┌─ Entries shown
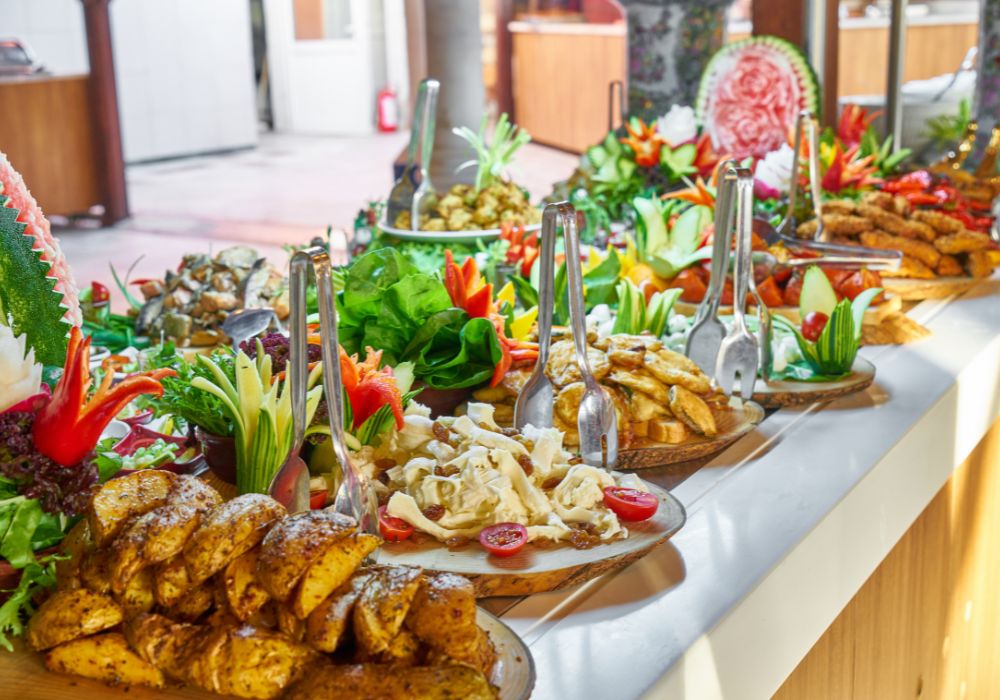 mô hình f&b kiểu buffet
└─
┌─ Entries shown
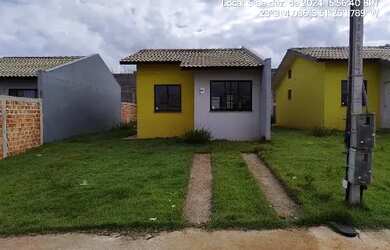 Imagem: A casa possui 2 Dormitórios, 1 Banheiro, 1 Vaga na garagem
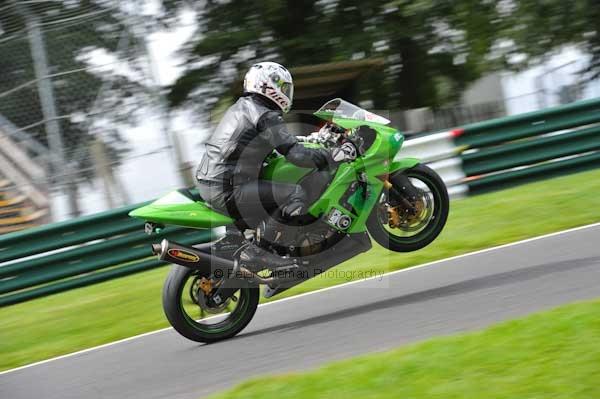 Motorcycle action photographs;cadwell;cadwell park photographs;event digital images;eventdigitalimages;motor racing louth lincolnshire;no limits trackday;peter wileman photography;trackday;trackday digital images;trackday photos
└─
┌─ Entries shown
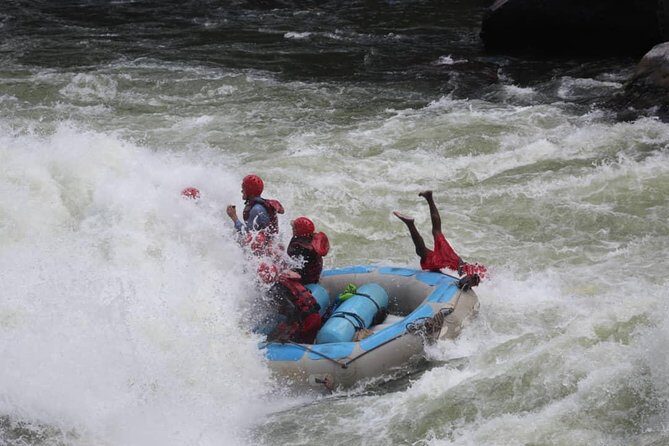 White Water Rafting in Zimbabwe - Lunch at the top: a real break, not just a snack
└─
— Activity —
How would the lines above read from the one with "Imagem: A casa" to the one with "Motorcycle action photographs;cadwell;cadwell", inclusive, with no pictures? Write them out exactly.

— Task solution —
 Imagem: A casa possui 2 Dormitórios, 1 Banheiro, 1 Vaga na garagem
 Motorcycle action photographs;cadwell;cadwell park photographs;event digital images;eventdigitalimages;motor racing louth lincolnshire;no limits trackday;peter wileman photography;trackday;trackday digital images;trackday photos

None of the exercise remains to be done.